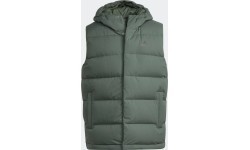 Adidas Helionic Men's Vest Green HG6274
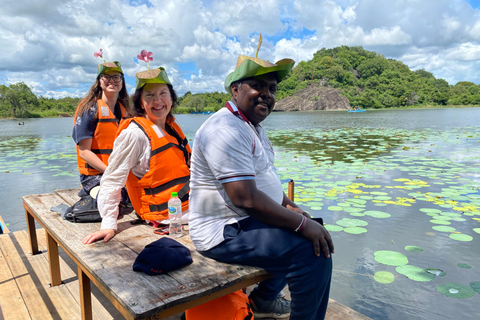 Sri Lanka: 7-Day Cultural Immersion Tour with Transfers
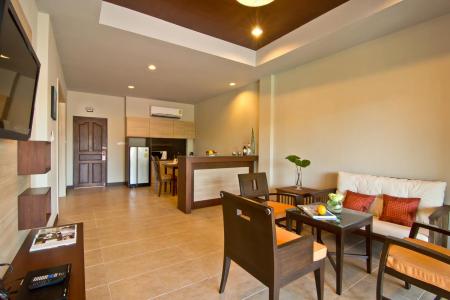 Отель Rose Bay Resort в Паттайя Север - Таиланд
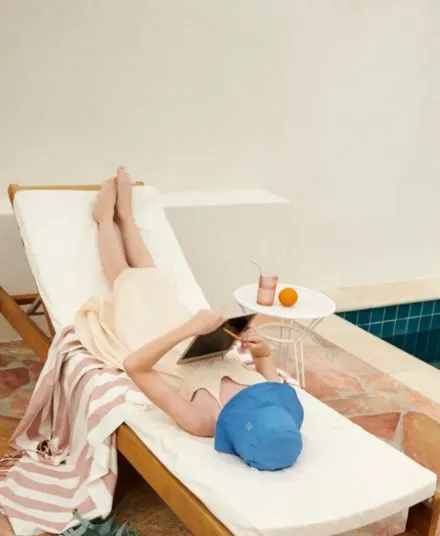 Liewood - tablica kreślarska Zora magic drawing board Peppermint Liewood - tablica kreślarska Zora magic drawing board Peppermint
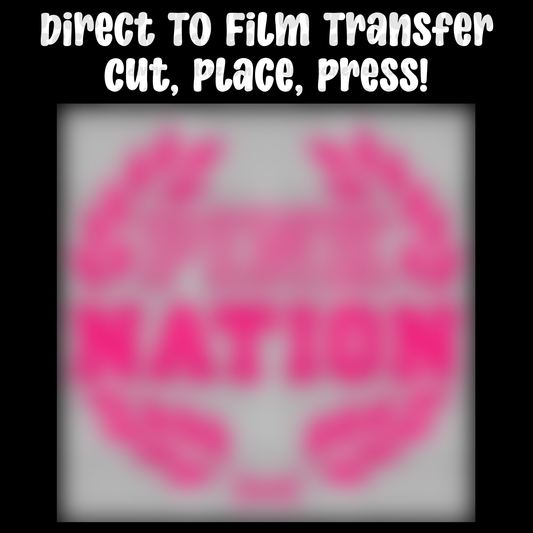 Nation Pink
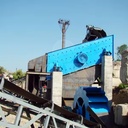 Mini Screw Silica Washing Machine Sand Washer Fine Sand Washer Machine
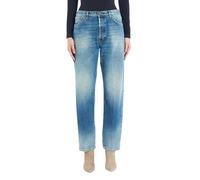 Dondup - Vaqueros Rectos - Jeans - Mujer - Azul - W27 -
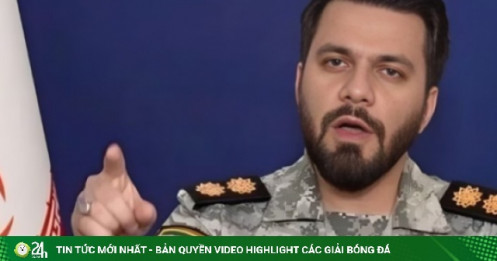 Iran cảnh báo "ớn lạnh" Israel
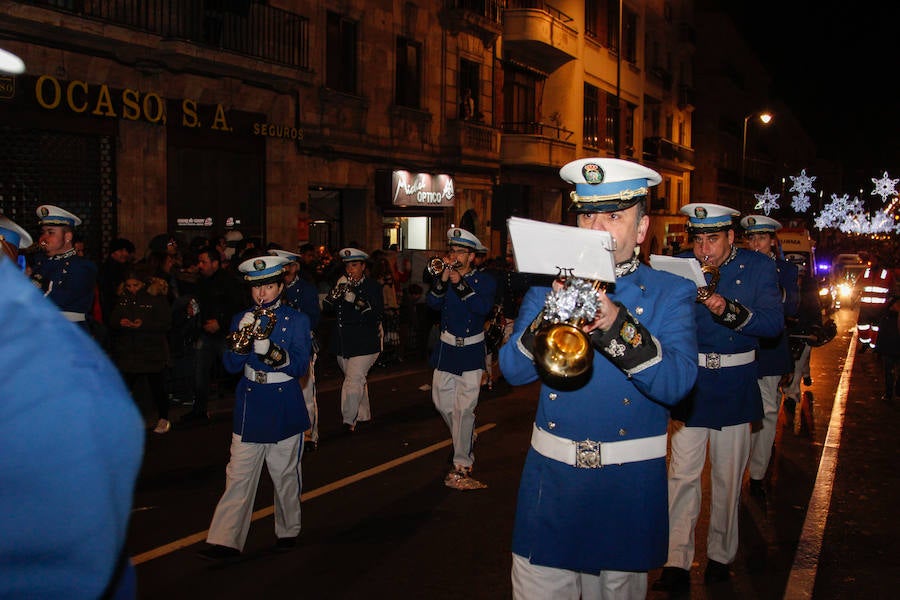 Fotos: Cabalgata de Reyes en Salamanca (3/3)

===============

> **Work item**
Repeat the lines from the line containing "Mini Screw Silica" through the end of the material above exactly, with no pictures and nothing else.

> **Your solution**
 Mini Screw Silica Washing Machine Sand Washer Fine Sand Washer Machine
 Dondup - Vaqueros Rectos - Jeans - Mujer - Azul - W27 -
 Iran cảnh báo "ớn lạnh" Israel
 Fotos: Cabalgata de Reyes en Salamanca (3/3)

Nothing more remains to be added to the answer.